ONNX runtime prediction using GPU and with different intervals


I’m facing a problem using ONNX runtime to do prediction using GPU (CUDAExecutionProvider) with different intervals. I’m doing the inference using Geforce RTX 2080 GPU. When I do the prediction without intervals (i.e., continuously in the for loop), the average prediction time is around 4ms. But if I insert interval of 0.1 seconds (time.sleep(0.1)), the average prediction latency increases to around 16 ms. Such is also the case for other intervals.

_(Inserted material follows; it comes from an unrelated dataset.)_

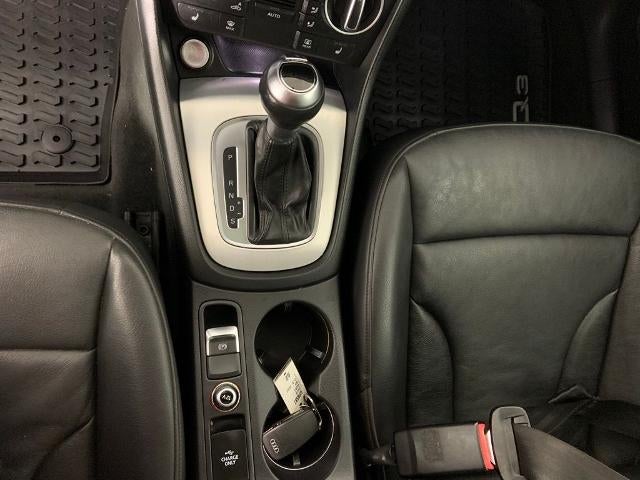 2018 Audi Q3 2.0 TFSI Sport Premium FWD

But as interval becomes smaller, the prediction latency becomes smaller.
Does anyone face similar problem before or can kindly help to provide some suggestions?


TensorRT Version:
GPU Type: Geforce RTX 2080 Ti
Nvidia Driver Version:
CUDA Version: 11.5
CUDNN Version: 8.2
Operating System + Version: Win 10
Python Version (if applicable): 3.8
TensorFlow Version (if applicable):
PyTorch Version (if applicable):
Baremetal or Container (if container which image + tag):

Relevant Files

Please attach or include links to any models, data, files, or scripts necessary to reproduce your issue. (Github repo, Google Drive, Dropbox, etc.)

Steps To Reproduce

import numpy as np
import tensorflow as tf
from tensorflow.keras.preprocessing import image
from tensorflow.keras.applications.resnet50 import preprocess_input
import keras2onnx
import onnxruntime
import datetime

img_path = ‘./image/defective_sample_0001.png’ # make sure the image is in img_path
img_size = 384
img = image.load_img(img_path, target_size=(img_size, img_size))
x = image.img_to_array(img)
x = np.expand_dims(x, axis=0)
x = preprocess_input(x)

providers = [
(‘CUDAExecutionProvider’, {
‘device_id’: 0,
‘arena_extend_strategy’: ‘kNextPowerOfTwo’,
‘gpu_mem_limit’: 2 * 1024 * 1024 * 1024,
‘cudnn_conv_algo_search’: ‘EXHAUSTIVE’,
‘do_copy_in_default_stream’: True,
temp_model_file = ‘model.onnx’
keras2onnx.save_model(onnx_model, temp_model_file)
sess = onnxruntime.InferenceSession(temp_model_file, providers=providers)

content = onnx_model.SerializeToString()
sess = onnxruntime.InferenceSession(content)

x = x if isinstance(x, list) else
feed = dict([(input.name, x[n]) for n, input in enumerate(sess.get_inputs())])

for i in range(50):
start_time = datetime.datetime.now()
pred_onnx = sess.run(None, feed)
end_time = datetime.datetime.now()
time_diff = (end_time - start_time)
execution_time = time_diff.total_seconds() * 1000
print("execution time: ", execution_time)
time.sleep(0.1) # this is the place to insert intervals among predictions

Please include:

  • Exact steps/commands to build your repro
  • Exact steps/commands to run your repro
  • Full traceback of errors encountered


This issue doesn’t look like tensorrt related. We recommend you to please post your concern on related platform to get better help.

If it’s related to TensorRT, please provide us more details.

Thank you.

Request you to share the ONNX model and the script if not shared already so that we can assist you better.
Alongside you can try few things:

  1. validating your model with the below snippet


import sys
import onnx
filename = yourONNXmodel
model = onnx.load(filename)
2) Try running your model with trtexec command.
In case you are still facing issue, request you to share the trtexec “”–verbose"" log for further debugging

Hi, thanks so much for the response.
I have attached my code nad onnx file.
We have also tried the TensorRT
model.onnx (10.3 MB)
test_onnx.py (3.3 KB)
in Win10. And it is same issue.


We recommend you to please post your concern on Issues · microsoft/onnxruntime · GitHub to get better help.

Thank you.